Inédits : À l’approche de l’automne et Derniers Chrysanthèmes de Mikio Naruse

Deux Naruse sinon rien

Ou comment Mikio Naruse, cinéaste japonais aux quatre-vingt-neuf films, continue de passionner les cinéphiles avec la sortie de deux œuvres émouvantes et inédites en France : à voir en salle !

 

À l’approche de l’automne (1960) suit Hideo, dix ans, orphelin de père : venu de la campagne de Nagano, il découvre la ville basse de Tokyo. Esseulé, sa mère étant accaparée par son travail, l’enfant vit chez son oncle vendeur de fruits et légumes. Partagé entre les livraisons et l’ennui, il rencontre par hasard Junko, une petite fille qui lui fait découvrir le lieu où officie sa mère… « Depuis mon plus jeune âge, j’ai compris que le monde dans lequel nous vivons nous trahit ». Ce propos du cinéaste sied parfaitement à l’univers sensible de l’enfance malheureuse décrite dans le film, proche de la confession intime. Fidèle à son style et son habitude, Naruse se sert de personnages en souffrance au départ du récit – ici, le deuil d’un mari et d’un père déclenche le déracinement des protagonistes – dans le cadre de la description d’un milieu social au scalpel (ici, le prolétariat de la capitale et son environnement). Afin d’exprimer au mieux ce bouleversant « pessimisme de l’existence » qu’on lui connaît, Naruse décrit par une série de petites touches successives et contrastées, la fraîcheur de la jeunesse dans des instants de bonheur fugaces à l’intérieur de scènes magnifiques : le cousin d’Hideo assis au bord d’une fenêtre et chantant à la guitare en anglais, une virée à moto en pleine nuit et Tokyo scintillante en toile de fond, ou encore Hideo désireux de voir la mer pour la première fois de sa vie, tel Jean-Pierre Léaud dans Les Quatre Cents Coups de François Truffaut , réalisé un an auparavant, en 1959. Le format 2.35, le noir et blanc impeccable et léché d’À l’approche de l’automne, confère une dimension spectaculaire à ce drame sobre, tout en retenue et pourtant diablement efficace. Quant au dénouement, il est déchirant, inoubliable.

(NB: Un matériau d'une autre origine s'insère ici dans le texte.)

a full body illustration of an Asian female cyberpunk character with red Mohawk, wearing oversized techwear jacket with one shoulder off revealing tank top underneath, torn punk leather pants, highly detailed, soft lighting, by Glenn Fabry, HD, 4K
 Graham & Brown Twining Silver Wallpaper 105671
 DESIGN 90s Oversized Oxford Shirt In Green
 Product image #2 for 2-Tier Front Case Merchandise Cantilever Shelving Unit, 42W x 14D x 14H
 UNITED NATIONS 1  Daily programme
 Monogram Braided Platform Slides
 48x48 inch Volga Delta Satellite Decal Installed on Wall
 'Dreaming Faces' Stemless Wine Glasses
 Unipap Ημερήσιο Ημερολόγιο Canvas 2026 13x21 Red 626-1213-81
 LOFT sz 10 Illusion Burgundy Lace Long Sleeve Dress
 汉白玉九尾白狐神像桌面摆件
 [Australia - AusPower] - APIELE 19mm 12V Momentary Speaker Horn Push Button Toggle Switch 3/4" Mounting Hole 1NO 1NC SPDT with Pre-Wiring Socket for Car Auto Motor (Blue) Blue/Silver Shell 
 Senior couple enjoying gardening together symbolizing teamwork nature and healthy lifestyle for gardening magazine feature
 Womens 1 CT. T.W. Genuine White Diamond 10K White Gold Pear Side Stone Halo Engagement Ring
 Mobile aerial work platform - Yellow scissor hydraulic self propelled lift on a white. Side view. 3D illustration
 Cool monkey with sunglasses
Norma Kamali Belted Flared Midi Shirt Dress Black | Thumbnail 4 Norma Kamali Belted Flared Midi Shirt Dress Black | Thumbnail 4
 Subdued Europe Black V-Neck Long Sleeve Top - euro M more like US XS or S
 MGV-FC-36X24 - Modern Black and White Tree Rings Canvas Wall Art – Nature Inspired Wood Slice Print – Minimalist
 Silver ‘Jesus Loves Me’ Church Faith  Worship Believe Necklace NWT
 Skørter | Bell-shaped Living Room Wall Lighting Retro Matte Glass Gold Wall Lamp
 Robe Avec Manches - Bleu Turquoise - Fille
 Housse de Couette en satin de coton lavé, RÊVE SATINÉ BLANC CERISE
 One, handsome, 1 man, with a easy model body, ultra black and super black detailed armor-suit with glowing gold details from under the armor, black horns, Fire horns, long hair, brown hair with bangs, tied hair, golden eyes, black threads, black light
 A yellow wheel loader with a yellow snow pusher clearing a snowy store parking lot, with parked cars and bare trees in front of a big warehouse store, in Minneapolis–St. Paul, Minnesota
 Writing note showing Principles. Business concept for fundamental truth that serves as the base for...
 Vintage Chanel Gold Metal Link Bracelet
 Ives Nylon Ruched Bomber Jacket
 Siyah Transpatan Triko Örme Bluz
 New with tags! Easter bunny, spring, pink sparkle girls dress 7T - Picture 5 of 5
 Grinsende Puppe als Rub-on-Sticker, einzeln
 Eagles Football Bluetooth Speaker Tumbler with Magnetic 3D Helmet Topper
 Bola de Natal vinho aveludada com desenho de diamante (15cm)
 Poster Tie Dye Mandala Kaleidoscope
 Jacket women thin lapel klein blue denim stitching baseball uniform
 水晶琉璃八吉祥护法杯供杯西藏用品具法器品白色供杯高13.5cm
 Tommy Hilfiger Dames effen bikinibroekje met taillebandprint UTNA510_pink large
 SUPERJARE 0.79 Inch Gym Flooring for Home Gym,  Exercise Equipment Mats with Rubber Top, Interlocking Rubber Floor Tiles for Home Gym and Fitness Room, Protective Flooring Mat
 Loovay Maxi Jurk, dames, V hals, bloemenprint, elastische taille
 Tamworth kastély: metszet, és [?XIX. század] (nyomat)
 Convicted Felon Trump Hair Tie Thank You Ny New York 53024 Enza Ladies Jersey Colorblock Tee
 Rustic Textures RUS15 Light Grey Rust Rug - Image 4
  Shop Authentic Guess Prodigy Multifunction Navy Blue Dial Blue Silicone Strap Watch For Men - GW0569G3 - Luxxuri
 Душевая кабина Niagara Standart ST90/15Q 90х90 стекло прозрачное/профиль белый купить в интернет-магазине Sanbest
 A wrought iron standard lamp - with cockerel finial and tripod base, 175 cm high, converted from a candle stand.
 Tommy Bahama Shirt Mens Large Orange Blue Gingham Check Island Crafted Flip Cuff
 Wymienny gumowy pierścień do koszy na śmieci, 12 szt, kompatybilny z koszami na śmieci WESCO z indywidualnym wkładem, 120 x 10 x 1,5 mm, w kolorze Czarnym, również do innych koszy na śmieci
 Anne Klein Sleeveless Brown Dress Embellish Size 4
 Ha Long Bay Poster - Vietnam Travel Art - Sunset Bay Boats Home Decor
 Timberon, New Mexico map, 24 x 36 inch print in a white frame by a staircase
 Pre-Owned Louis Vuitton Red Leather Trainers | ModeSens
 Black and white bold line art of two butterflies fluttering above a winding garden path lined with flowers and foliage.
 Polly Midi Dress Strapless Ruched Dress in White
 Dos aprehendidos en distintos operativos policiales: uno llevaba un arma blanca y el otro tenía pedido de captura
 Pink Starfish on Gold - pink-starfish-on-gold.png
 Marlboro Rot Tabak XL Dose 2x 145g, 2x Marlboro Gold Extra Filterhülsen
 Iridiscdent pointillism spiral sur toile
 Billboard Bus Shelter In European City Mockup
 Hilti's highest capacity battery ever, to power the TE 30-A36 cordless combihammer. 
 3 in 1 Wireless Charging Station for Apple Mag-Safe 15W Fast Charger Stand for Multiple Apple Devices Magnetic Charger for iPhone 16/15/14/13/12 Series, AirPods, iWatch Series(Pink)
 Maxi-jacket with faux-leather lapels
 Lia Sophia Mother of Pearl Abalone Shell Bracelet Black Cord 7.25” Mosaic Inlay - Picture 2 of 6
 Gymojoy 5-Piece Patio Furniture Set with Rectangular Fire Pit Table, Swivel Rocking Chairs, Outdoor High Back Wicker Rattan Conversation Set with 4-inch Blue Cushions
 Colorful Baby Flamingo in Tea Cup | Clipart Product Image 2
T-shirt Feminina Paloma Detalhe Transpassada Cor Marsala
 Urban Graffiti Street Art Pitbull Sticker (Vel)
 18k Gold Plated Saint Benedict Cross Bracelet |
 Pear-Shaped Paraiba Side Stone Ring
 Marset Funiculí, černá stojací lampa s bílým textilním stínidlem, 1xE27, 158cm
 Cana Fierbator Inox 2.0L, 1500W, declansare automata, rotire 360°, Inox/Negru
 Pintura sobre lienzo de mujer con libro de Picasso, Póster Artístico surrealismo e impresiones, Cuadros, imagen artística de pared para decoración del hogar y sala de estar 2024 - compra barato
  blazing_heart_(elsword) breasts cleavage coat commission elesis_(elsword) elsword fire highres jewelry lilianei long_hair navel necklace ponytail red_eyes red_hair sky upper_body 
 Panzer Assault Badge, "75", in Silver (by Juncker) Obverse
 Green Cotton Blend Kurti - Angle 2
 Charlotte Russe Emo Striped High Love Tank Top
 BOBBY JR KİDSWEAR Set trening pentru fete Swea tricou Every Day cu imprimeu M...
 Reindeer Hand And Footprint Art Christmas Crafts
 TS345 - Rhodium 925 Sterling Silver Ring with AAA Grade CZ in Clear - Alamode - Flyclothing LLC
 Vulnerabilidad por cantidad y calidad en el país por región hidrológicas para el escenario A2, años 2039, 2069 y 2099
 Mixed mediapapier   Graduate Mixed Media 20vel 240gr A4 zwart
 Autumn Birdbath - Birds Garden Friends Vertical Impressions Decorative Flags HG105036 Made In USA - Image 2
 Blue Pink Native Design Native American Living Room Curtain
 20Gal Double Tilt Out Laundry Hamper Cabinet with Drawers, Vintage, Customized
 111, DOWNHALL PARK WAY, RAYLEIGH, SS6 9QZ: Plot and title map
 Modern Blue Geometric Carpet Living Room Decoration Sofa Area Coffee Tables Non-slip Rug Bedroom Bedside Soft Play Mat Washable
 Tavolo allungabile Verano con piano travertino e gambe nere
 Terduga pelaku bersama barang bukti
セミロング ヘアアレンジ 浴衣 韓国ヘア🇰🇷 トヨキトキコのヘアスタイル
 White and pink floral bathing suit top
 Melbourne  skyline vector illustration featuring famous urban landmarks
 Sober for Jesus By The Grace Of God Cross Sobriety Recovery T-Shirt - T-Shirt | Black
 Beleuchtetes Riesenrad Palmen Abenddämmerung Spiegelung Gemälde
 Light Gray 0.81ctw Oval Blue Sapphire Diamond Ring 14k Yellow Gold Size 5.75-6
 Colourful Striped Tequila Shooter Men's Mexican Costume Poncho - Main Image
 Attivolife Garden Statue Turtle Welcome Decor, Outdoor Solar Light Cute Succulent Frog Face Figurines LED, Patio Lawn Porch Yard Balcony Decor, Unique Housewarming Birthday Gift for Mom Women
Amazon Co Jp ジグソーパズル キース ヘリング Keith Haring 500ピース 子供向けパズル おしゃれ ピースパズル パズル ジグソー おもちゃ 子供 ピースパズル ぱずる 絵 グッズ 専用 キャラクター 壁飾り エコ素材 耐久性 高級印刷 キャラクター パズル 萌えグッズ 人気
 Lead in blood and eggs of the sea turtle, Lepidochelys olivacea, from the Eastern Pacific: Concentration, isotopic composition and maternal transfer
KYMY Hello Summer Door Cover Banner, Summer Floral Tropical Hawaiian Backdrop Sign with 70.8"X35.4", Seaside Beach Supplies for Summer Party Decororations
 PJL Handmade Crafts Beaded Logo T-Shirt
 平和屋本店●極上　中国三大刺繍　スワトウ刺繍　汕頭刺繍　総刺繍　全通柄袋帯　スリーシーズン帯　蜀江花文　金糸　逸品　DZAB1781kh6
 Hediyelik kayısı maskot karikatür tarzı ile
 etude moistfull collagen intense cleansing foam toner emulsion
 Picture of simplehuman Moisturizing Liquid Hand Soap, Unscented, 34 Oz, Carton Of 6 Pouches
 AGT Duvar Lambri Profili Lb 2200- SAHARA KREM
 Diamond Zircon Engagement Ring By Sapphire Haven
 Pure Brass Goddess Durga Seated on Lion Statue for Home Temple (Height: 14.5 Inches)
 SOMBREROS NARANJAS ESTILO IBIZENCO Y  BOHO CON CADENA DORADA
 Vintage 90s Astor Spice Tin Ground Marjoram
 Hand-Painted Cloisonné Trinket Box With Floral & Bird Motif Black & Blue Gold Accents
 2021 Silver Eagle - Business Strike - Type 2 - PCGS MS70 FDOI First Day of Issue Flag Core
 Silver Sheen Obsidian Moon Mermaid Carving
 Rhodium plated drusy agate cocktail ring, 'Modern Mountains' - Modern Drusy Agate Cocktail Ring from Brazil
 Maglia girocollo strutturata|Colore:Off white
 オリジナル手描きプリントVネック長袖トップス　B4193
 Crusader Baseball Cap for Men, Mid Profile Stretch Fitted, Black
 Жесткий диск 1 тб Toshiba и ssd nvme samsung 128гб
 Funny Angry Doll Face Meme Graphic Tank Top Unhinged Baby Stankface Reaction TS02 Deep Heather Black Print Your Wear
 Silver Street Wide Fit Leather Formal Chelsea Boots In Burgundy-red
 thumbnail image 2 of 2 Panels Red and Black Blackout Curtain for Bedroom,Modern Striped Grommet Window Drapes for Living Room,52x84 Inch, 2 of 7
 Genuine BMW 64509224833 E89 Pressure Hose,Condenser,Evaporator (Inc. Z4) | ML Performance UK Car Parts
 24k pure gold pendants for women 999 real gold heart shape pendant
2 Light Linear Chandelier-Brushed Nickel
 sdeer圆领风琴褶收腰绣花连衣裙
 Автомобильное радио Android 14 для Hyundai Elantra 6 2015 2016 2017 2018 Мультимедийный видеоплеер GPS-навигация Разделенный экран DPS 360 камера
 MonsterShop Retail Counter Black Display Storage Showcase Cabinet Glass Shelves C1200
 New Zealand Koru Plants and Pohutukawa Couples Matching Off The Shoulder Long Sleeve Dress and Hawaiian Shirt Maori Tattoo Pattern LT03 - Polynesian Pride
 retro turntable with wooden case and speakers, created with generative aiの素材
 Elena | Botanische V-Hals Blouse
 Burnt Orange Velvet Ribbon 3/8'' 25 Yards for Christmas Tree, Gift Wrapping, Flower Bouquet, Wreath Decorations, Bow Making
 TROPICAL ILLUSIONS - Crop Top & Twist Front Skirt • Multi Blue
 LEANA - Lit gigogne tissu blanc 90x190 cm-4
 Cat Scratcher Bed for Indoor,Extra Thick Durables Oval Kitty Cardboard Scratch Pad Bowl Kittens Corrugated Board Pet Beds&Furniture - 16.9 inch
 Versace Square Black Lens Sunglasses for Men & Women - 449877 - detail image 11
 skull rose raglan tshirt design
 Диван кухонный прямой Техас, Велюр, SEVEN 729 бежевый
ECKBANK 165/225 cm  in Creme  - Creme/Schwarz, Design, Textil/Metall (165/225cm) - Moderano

À l'approche de l'automne (à gauche), Derniers Chrysanthèmes (à droite / copyright : Toho

Derniers Chrysanthèmes (1954) relate la réalité de Kin, geisha retraitée gérant ses intérêts de prêteuse sur gages, percevant des loyers auprès d’anciennes collègues régulièrement démunies. Elle a abandonné l’espoir de refaire sa vie, déçue par de vieux amants captivés eux-mêmes davantage par son pécule que par ses charmes flétris… Naruse, au sommet de son art, réalise juste avant Nuages flottants ce film (plus souvent identifié comme Chrysanthèmes tardifs dans sa filmographie) adapté d’une histoire originale de Fumiko Hayashi et consacré à des femmes entre deux âges, mises au ban de la société. Acte de bravoure s’il en est, au regard du désintérêt global pour ce type de sujet au cinéma, Derniers Chrysanthèmes brosse, avec une acuité extrême, mais sans emphase, l’hypocrisie d’une société japonaise où les femmes, même libérées du mariage forcé et s’émancipant doucement du joug des traditions, restent dominées par la veulerie et la vanité des hommes. D’ailleurs, Kin, pour se défendre et subsister dans ce monde patriarcal, prend elle-même, dans sa relation avec les autres, une posture de pouvoir masculine. On n’oubliera pas les scènes très marquantes de sa cupidité et de sa cruauté, qui se lisent subtilement sur les traits de l’actrice Haruko Sugimura, véritable muse du 7e art, interprète de nombreux films d’Ozu. Deux autres portraits de geishas montrent la capacité de Naruse à dépeindre en toute discrétion les caractères psychologiques et les blessures intérieures des êtres, dans un va-et-vient sempiternel entre espoirs perdus et trivialité du monde. En somme, là encore, il signe un véritable chef-d’œuvre.